● Assigned task: Pictures aside, the data must be reproduced exactly.
BEGIN Data shown
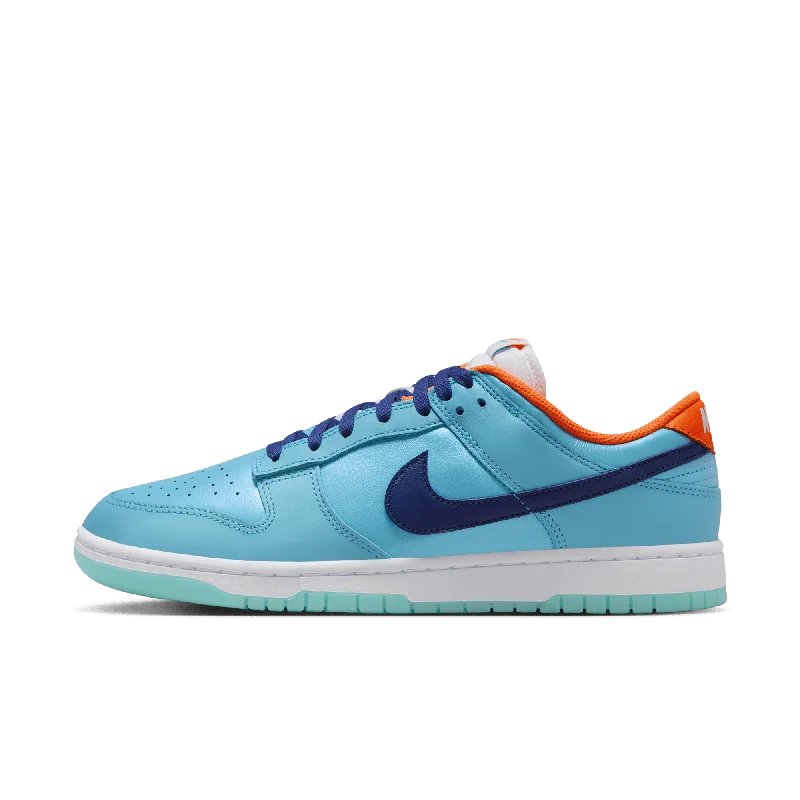 Nike Dunk Low SE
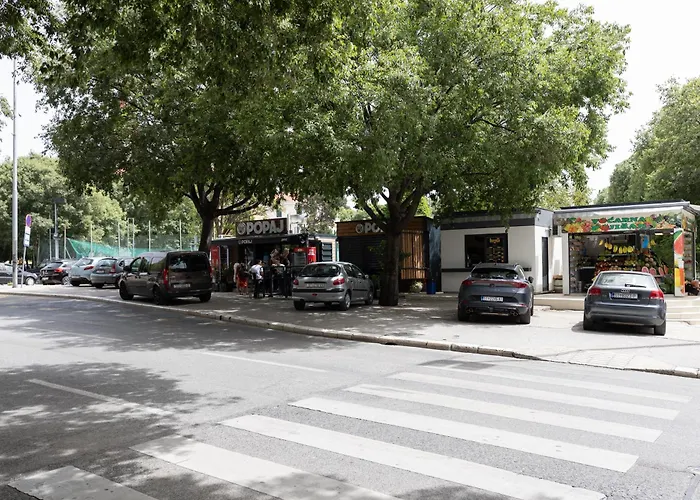 To & Old Town Apartment *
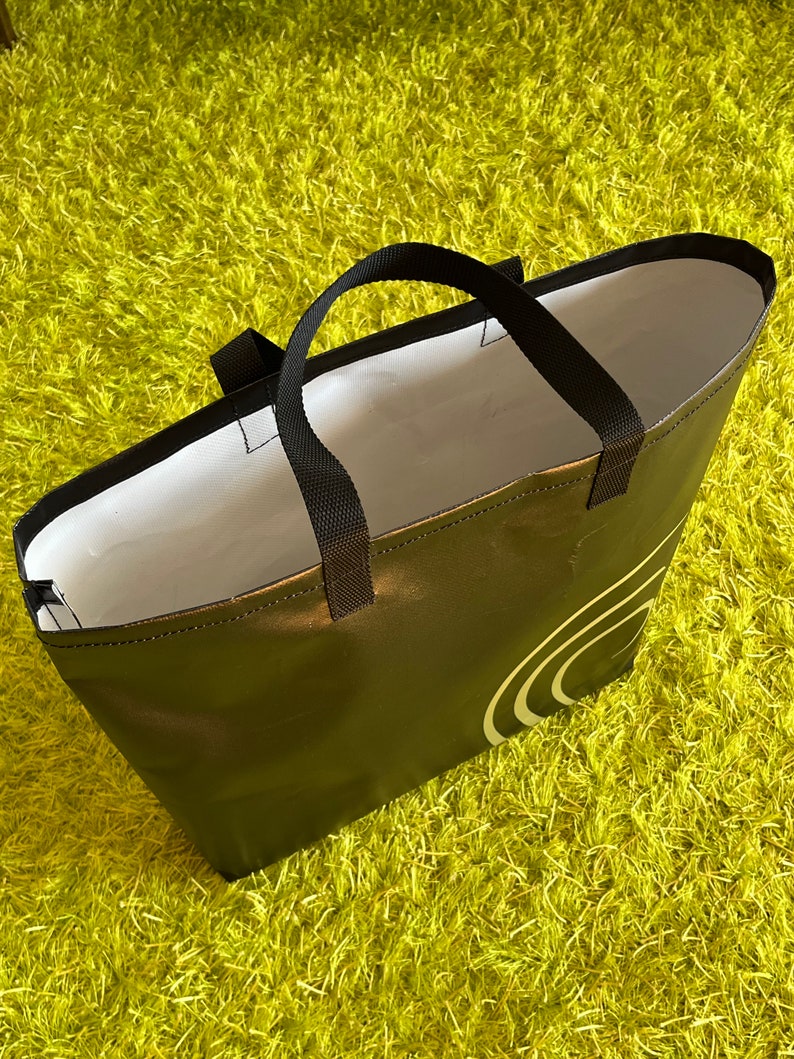 Shopping/beach bag from recycled billboards image 3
END Data shown
● Your solution:
 Nike Dunk Low SE
 To & Old Town Apartment *
 Shopping/beach bag from recycled billboards image 3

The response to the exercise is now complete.